La mission du Carnaval de Québec

Transcription

La mission du Carnaval de Québec
FSS, Département de sociologie
La mission du Carnaval de Québec
Offre de service
Proposée à :
Monsieur Luc Fournier
D.G. du Carnaval de Québec
Par :
Marie-Ève Blackburn
Et
Patrick Codère
ctobre 1998
À propos du Carnaval…
Le Carnaval de Québec est présenté pour la toute première fois en 1894; il a alors pour but
d’égayer les longs hivers québécois, de se rassasier et de s’amuser une dernière fois durant les
jours gras qui précédent les quarante jours de jeûne du carême. Ensuite, le Carnaval a lieu de
façon sporadique jusqu’en 1954.
Cette année-là, il se renouvelle et s’ajuste à une réalité
contemporaine. Il se donne alors comme principales fonctions de susciter une activité
commerciale au creux de l’hiver, qui est la saison touristique la plus calme, et d’apporter une
certaine féerie à la population confrontée au rude hiver québécois. Il se maintient, jusqu’à ce jour,
grâce aux nombreux commanditaires et au comité organisateur.

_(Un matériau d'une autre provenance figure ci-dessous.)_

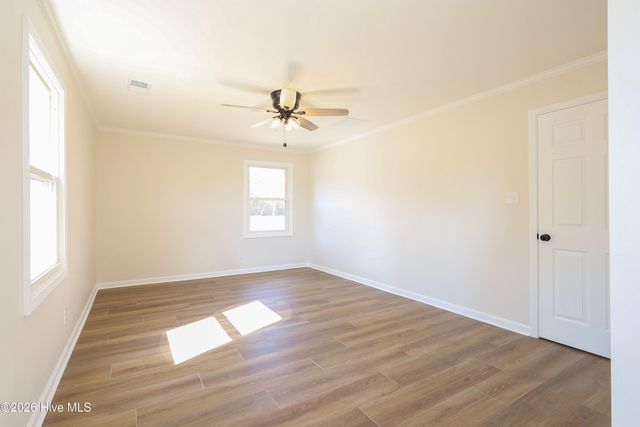 580 Koonce Fork Road, Richlands, NC 28574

En 1954, c’est aussi l’arrivée du
Bonhomme Carnaval, qui est devenu, au fil des ans, l’image officielle du Carnaval de Québec.
De 1954 à 1996, le Carnaval n’a pas connu de véritables bouleversements quant à sa mission et à
la présentation des différentes activités.
Au début des années 1990, le Carnaval se retrouve dans une impasse, c’est-à-dire qu’on
constate une diminution très importante de la participation à ses différentes activités.
Par
conséquent, il se voit obligé de se remettre en question. L’organisme tente, par divers moyens,
d’augmenter la participation des gens de la région (par exemple il amène les personnages de
Walt Disney au Carnaval de Québec en 1996). Ces tentatives échouent. En 1997, il décide donc
de se donner une nouvelle vocation qui se résume aux aspects suivants : familial, accessible,
populaire et hivernal. Une étape importante de ce virage est sans doute l’abolition des duchesses
et de la reine.
Celles-ci étaient devenues de véritables symboles de «l’ancien» Carnaval.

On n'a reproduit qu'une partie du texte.